* _Exercise_
Below are several entries. Transcribe exactly those lines that fall from the one with "حلويات هندية متنوعة XL" through the one with "Scheppach UMF1550 mitre", end lines included.

* _Task material_
◇ ◇ ◇

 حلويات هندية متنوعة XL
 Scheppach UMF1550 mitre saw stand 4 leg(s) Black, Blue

◇ ◇ ◇

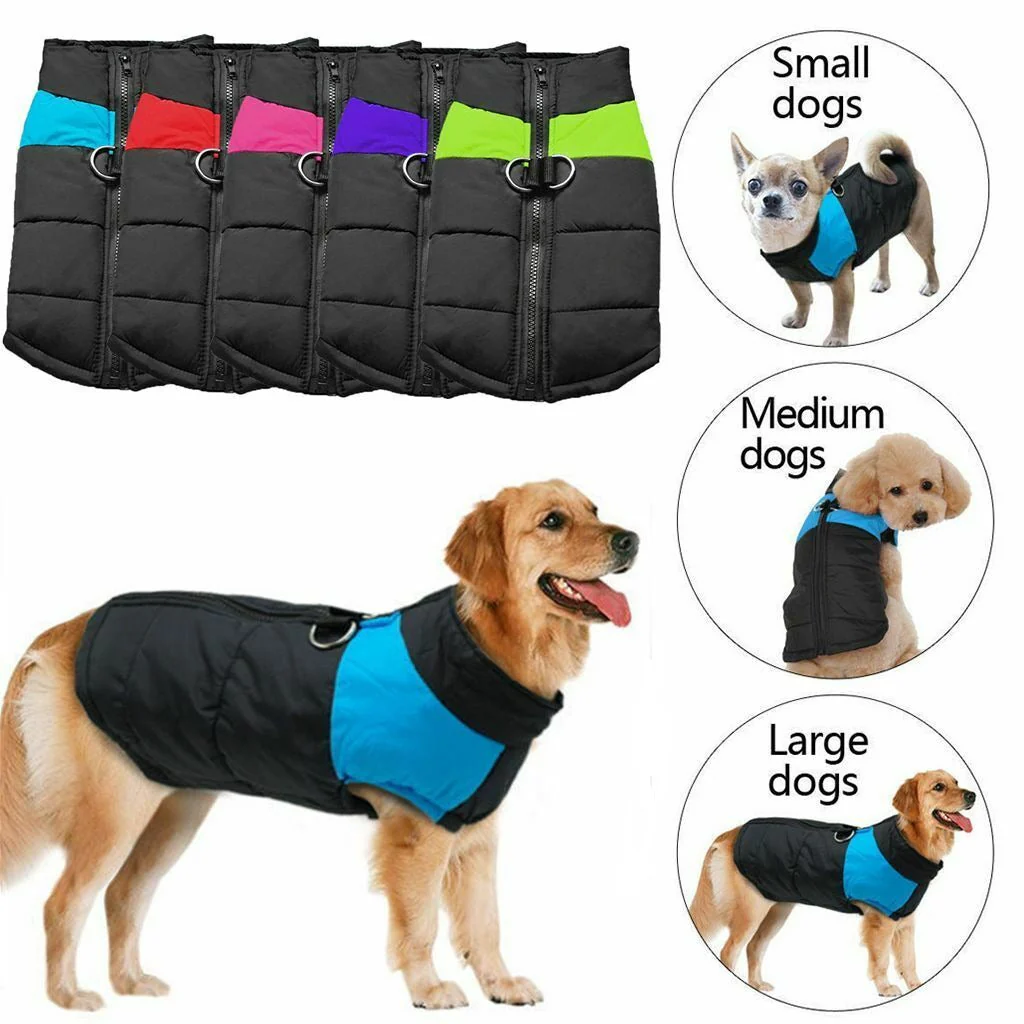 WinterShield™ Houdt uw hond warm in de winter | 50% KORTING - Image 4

◇ ◇ ◇

* _Task response_
 حلويات هندية متنوعة XL
 Scheppach UMF1550 mitre saw stand 4 leg(s) Black, Blue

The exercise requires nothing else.